Thursday, October 25, 2012

Fobbit Tour: Quail Ridge Books in Raleigh, NC


If there's one thing that Quail Ridge Books excels at--and there are many things it does right--it's the way in which it showcases titles the staff really, really, really wants you to read.  Sure, "Staff Picks" are almost de rigueur in independent bookstores these days, but there's just something about the spirit in which Quail Ridge puts its books front and center that makes it stand out from most of the other stores I've visited on this Fobbit book tour.

I was a half hour early to my reading at the store in Raleigh, North Carolina last night and so I wandered the stacks, happy as a nose in a perfume shop.  In addition to the usual bestseller and new arrivals displays near the front door, I also found a table devoted to political books (biographies about the Obamas, screeds from political talk-show tonguemeisters, etc.).  It was neatly divided in half into "Red Books" and "Blue Books."  Clever.  Another tier of shelves displayed books by authors who were scheduled for upcoming appearances at the store--a nice way of building buzz before the event and encouraging customers to buy and read the book before the big night.  Deeper in the store, there was an entire section devoted to North Carolina writers, and I was thrilled to see a very nice display of literary magazines--including The Greensboro Review where yours truly had one of his first short stories published back in the early 90s.

Nancy Olson and her staff are to be commended for cultivating a spirit of Book Love at Quail Ridge.  There is a fierce independence in the atmosphere of the store which sends a message to e-tailers and big-box bookstores: "We love words and the people who make them."  Books are not a number or an algorithm, they are warm and alive and served with as much care and pride as the tastiest plate of Carolina bar-b-que.

Quail Ridge also has a very nice reading space for visiting authors.  A large area was cleared in the middle of the store (the middle!  not off to the side near the children's book section) and I was given a podium with a crystal-clear microphone so everyone could hear me read about what it was like to go to war "with a duffel bag full of Dickens" and emerge on the other side of the experience with a novel of my own.

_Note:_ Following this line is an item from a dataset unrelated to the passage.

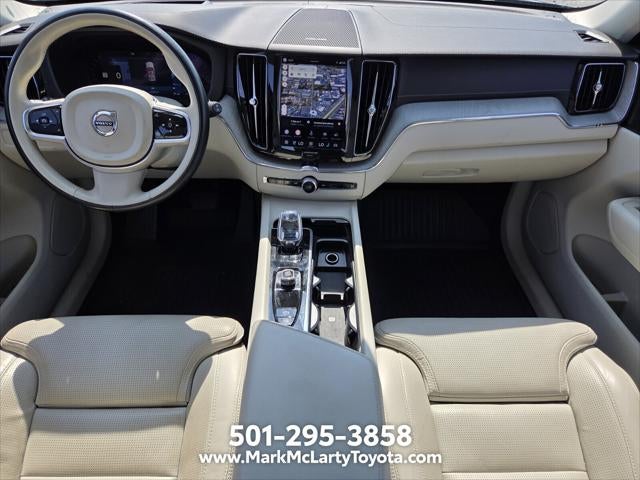 2023 Volvo XC60 B5 Ultimate Bright Theme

For the most part, audiences at the Fobbit readings have been populated with e-friends I've "known" for years but never met.  Last night, there was an especially large group of acquaintances from Facebook, Twitter and other social media communities who'd been supporting me for years.  I was thrilled to finally meet Holly Goddard Jones (author of the short-story collection Girl Trouble and the forthcoming novel The Next Time You See Me--which I straightaway pre-ordered and I suggest you do the same, pronto) and Mary Lambeth Moore (author of the novel Sleeping with Patty Hearst).   Also on hand were two members of my Book Pregnant posse: Barbara Claypole White (The Unfinished Garden) and Anne Clinard Barnhill (At the Mercy of the Queen: A Novel of Anne Boleyn).  Barbara, Anne and I met for the first time last weekend at the South Carolina Writers Workshop where we were joined by fellow Book Pregnant members Lydia Netzer (Shine Shine Shine) and Brenda Bevan Remmes.  Of the quintet, Brenda is the only one who is still "with book child."  The blessed event for her novel, Miss Ellie's Cafe, still lies somewhere in the future.

All in all, it was a great feeling to stand there at the microphone and look out to see all those smiling, supportive, friendly faces.  Thanks, everyone, for coming out to hear me talk about Fobbit.


Picking my Book Tour Bookstore Book was tough--not because I couldn't find something to suit my taste or pique my interest, but because I had to keep my promise to only buy one book at each stop (my luggage can't handle more than that).  One of the books that Quail Ridge so insistently put "in my face" last night was Misfit, the new novel by Adam Braver from Tin House Books.  The publisher's jacket copy tells us the book "centers on the last weekend of Monroe’s life, which she spent at Frank Sinatra’s resort, the Cal Neva Lodge, in Lake Tahoe. Melding facts with fiction, Braver takes moments throughout Monroe’s life—her childhood, her marriages with Joe DiMaggio and Arthur Miller, her studies with Lee Strasberg at the Actors Studio, and her role in The Misfits, the film Miller wrote for her—and explores how they informed her tragic end."  I'm a huge fan of Braver's work (his novel-in-stories Mr. Lincoln's Wars was one of the best books--fiction or non-fiction--I've ever read about the iconic president).  Braver does some very smart blending of fact and fiction to create fresh portraits of historic figures.  Think E. L. Doctorow, but fleshier.  I can't wait to read this latest work about Marilyn.  And, I hope you'll agree with me that the cover for Misfit is spot-on perfect.


1 comment:

  1. I've been entertaining my son with stories of press releases and nosebleeds. Fabulous reading. Loved the bonus material!